Perséfone
Outubro 28, 2024
Carlos Palmito
E se falássemos de flores?
Das cores que as moldam. Dos tons cromáticos que as tingem... quentes, frios, ardentes, gelados... dos bálsamos inebriantes, quase hipnóticos, que nos fazem dançar na escuridão. Das pétalas aveludadas que nos pintam os dedos como telas vazias no pincel de um artista desconhecido. Da vida que as envolve. Do vento que sussurra canções de embalar ao afagar-lhes os caules.
Das coroas de margaridas e juras de amor em pétalas de malmequeres?
“Mal me quer, bem me quer, mal me quer, bem me quer.” Quem é que te quer, ó triste pétala enegrecida? Quem é que não te quer, ó sublime pétala colorida?
E se falássemos de bruxas, bruxarias e sardas a sarapintar as planícies infindáveis de um organismo vivo a quem teimam em chamar Terra?
Serão as abelhas, a zunir na imensidão do infinito, responsáveis por transportar a poeira das estrelas?
E se falássemos de sorrisos, beijos, abraços, perfumes e chuvas de verão?
Com os corpos apaixonados a rebolar nas relvas húmidas, com olhares profundos e toques suaves. E se falássemos de nascimento e regeneração?
E se bebêssemos flores, nos enforcássemos nelas e engolíssemos as suas pétalas para nos asfixiarmos em beleza?
E viajássemos em pólen?

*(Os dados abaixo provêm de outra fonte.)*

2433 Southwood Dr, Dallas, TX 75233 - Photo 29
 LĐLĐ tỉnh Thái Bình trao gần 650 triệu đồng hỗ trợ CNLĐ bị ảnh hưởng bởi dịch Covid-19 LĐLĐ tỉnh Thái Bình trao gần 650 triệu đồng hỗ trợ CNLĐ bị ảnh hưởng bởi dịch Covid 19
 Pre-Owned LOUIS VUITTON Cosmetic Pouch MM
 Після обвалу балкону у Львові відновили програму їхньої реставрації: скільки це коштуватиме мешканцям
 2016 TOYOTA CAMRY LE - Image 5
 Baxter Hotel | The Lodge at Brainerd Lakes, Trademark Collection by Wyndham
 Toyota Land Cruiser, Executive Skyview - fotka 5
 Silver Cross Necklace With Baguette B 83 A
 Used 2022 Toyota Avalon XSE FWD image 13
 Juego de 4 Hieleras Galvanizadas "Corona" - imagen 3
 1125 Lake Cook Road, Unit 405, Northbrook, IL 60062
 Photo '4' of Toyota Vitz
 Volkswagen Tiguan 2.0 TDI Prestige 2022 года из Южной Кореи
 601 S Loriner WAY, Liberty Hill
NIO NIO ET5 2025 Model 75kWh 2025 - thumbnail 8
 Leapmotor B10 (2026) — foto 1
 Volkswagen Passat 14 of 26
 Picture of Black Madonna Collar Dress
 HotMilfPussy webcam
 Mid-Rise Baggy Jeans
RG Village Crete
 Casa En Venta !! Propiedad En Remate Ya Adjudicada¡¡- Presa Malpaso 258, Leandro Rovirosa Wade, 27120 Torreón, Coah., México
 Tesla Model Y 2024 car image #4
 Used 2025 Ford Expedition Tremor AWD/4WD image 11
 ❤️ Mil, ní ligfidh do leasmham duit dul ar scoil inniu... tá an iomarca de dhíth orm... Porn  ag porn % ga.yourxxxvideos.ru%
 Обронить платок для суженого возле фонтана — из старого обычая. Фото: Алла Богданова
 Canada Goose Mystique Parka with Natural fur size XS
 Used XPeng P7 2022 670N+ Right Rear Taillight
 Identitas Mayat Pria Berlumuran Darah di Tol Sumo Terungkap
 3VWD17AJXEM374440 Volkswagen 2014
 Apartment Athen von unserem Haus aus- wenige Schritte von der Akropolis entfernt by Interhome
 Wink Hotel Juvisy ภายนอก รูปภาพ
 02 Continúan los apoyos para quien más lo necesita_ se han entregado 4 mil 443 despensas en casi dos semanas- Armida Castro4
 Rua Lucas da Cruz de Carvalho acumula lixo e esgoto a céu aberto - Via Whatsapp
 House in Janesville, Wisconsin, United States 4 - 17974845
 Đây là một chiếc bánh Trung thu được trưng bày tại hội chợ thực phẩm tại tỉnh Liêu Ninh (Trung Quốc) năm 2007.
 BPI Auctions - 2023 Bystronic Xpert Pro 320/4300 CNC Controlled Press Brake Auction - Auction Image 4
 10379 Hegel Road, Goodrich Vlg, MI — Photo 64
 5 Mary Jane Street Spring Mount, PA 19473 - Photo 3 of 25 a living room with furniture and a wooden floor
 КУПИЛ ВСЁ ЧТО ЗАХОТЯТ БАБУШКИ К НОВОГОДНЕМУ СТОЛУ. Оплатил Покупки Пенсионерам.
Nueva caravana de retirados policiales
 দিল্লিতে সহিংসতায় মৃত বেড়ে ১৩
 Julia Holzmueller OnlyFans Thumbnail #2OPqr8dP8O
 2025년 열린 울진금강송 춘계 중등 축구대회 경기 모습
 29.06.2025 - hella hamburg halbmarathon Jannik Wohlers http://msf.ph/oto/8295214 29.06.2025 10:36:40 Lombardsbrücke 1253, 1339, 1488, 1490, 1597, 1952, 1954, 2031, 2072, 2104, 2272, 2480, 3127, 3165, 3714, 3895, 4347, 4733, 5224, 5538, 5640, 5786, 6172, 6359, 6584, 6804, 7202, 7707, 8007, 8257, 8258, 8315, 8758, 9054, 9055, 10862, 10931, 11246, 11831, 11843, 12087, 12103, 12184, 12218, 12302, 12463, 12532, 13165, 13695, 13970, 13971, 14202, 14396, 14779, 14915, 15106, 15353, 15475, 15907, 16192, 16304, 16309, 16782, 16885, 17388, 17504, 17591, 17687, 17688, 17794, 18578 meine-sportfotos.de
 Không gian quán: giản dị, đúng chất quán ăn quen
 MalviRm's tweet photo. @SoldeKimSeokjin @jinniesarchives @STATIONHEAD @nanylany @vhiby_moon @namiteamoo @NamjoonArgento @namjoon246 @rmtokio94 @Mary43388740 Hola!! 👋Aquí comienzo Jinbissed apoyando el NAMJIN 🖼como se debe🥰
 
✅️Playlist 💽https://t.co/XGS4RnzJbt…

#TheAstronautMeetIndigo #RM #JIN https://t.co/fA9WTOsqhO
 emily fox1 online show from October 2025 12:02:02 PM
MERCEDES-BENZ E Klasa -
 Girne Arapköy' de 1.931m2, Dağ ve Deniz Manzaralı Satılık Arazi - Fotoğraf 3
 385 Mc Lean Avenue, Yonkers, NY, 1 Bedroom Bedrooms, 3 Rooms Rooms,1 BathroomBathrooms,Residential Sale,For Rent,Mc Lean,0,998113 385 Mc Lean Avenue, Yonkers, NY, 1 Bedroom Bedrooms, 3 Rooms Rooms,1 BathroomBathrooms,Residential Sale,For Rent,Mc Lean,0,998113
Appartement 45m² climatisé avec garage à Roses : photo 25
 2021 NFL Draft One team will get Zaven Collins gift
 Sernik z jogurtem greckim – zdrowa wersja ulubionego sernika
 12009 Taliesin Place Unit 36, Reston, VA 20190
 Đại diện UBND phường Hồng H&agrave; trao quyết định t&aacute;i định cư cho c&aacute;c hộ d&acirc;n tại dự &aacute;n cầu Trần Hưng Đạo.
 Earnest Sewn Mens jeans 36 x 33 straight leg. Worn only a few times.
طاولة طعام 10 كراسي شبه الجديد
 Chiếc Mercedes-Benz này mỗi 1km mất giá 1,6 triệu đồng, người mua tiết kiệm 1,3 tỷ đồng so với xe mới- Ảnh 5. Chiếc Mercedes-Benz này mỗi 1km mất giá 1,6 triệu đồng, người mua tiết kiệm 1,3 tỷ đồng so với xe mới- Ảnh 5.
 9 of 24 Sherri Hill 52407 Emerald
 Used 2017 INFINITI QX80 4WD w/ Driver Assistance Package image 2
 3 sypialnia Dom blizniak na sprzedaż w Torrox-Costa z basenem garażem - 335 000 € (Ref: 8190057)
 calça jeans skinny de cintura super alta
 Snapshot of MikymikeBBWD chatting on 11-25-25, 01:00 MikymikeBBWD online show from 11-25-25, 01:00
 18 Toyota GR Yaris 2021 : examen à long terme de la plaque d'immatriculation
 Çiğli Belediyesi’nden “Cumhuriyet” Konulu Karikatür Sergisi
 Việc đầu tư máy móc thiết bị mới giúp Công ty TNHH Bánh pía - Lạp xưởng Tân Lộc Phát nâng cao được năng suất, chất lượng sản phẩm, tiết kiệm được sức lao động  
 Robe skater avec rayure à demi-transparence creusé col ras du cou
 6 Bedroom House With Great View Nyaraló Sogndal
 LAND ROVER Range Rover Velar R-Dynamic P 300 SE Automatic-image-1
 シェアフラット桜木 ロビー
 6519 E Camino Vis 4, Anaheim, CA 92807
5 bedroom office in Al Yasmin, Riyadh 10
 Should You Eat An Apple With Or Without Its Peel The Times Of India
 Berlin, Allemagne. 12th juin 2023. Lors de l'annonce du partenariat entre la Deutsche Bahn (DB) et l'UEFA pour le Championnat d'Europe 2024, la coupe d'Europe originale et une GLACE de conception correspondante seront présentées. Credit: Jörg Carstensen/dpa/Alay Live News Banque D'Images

E se falássemos de flores? De estufas, prados, florestas, selvas, desertos, oceanos, rios, lagoas e jardins?
Deus... jardins!
E se falássemos de Éden e do pecado original? Ah, e as flores, todas as amaldiçoadas flores, todas as coroas de espinhos, em todas as guerras, em todas as pestes, em todas as mortes... em todos os sepulcros.
E se falássemos de áridos desertos, de lodaçais, de rochedos e de solos estéreis?
E se... falássemos realmente de flores? Secas, murchas, mortas, a embelezar uma campa esquecida numa vasta pradaria de ossos abandonados? E se...
Mas nunca falamos de flores, pois não?
Nunca falamos realmente de flores. E se falássemos de morte?